Segment Start: Entries provided
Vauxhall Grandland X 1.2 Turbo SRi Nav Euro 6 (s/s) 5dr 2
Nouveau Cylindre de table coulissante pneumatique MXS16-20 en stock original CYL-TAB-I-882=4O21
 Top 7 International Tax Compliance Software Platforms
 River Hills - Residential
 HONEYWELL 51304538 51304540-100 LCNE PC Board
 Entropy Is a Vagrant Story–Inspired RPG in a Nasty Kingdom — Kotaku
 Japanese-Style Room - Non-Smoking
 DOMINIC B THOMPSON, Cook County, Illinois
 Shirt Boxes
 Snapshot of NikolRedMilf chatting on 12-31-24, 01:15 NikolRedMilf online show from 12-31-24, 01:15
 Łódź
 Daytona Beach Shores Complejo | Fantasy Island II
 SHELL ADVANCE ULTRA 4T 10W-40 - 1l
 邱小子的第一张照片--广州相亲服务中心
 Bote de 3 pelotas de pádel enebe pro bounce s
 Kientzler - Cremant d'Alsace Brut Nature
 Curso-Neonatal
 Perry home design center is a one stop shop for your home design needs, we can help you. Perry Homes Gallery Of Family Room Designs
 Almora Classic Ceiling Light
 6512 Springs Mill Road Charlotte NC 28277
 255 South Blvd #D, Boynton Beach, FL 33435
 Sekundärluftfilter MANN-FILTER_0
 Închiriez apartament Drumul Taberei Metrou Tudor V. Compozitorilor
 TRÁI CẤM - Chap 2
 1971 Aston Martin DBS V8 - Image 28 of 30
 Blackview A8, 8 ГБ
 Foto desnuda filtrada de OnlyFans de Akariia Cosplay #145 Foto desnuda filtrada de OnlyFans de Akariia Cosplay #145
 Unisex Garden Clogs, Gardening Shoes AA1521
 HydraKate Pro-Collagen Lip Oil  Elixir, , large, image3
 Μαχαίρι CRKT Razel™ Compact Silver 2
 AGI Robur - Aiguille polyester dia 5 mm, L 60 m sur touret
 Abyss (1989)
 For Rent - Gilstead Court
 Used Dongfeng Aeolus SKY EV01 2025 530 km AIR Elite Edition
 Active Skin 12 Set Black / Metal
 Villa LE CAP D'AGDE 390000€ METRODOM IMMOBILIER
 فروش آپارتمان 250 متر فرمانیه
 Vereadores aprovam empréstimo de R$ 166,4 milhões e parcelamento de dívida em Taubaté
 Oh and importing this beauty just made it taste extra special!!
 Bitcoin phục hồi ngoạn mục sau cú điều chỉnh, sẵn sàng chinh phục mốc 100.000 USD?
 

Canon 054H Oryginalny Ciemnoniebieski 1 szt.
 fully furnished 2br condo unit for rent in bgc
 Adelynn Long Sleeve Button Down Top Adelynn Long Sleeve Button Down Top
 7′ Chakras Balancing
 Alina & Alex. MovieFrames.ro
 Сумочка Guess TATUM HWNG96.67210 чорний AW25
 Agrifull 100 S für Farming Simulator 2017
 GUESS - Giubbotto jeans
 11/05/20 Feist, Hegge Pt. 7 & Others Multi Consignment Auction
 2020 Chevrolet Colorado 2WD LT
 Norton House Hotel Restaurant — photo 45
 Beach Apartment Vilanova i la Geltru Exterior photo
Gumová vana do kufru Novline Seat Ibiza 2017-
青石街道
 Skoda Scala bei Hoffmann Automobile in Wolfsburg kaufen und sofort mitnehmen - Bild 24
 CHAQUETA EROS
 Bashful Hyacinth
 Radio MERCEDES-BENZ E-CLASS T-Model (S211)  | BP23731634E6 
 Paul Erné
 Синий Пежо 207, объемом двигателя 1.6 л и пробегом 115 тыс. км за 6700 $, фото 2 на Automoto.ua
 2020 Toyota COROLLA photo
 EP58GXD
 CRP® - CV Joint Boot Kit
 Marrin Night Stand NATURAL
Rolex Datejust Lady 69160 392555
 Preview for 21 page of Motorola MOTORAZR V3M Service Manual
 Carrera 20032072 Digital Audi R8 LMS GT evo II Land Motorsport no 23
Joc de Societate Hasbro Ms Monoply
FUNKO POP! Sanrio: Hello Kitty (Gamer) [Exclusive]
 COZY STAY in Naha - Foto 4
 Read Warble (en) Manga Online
Segment End: Entries provided
What you will do
Word for word, restate the listing above from its first line to the line with "Almora Classic Ceiling Light", keeping both.

Response
Vauxhall Grandland X 1.2 Turbo SRi Nav Euro 6 (s/s) 5dr 2
Nouveau Cylindre de table coulissante pneumatique MXS16-20 en stock original CYL-TAB-I-882=4O21
 Top 7 International Tax Compliance Software Platforms
 River Hills - Residential
 HONEYWELL 51304538 51304540-100 LCNE PC Board
 Entropy Is a Vagrant Story–Inspired RPG in a Nasty Kingdom — Kotaku
 Japanese-Style Room - Non-Smoking
 DOMINIC B THOMPSON, Cook County, Illinois
 Shirt Boxes
 Snapshot of NikolRedMilf chatting on 12-31-24, 01:15 NikolRedMilf online show from 12-31-24, 01:15
 Łódź
 Daytona Beach Shores Complejo | Fantasy Island II
 SHELL ADVANCE ULTRA 4T 10W-40 - 1l
 邱小子的第一张照片--广州相亲服务中心
 Bote de 3 pelotas de pádel enebe pro bounce s
 Kientzler - Cremant d'Alsace Brut Nature
 Curso-Neonatal
 Perry home design center is a one stop shop for your home design needs, we can help you. Perry Homes Gallery Of Family Room Designs
 Almora Classic Ceiling Light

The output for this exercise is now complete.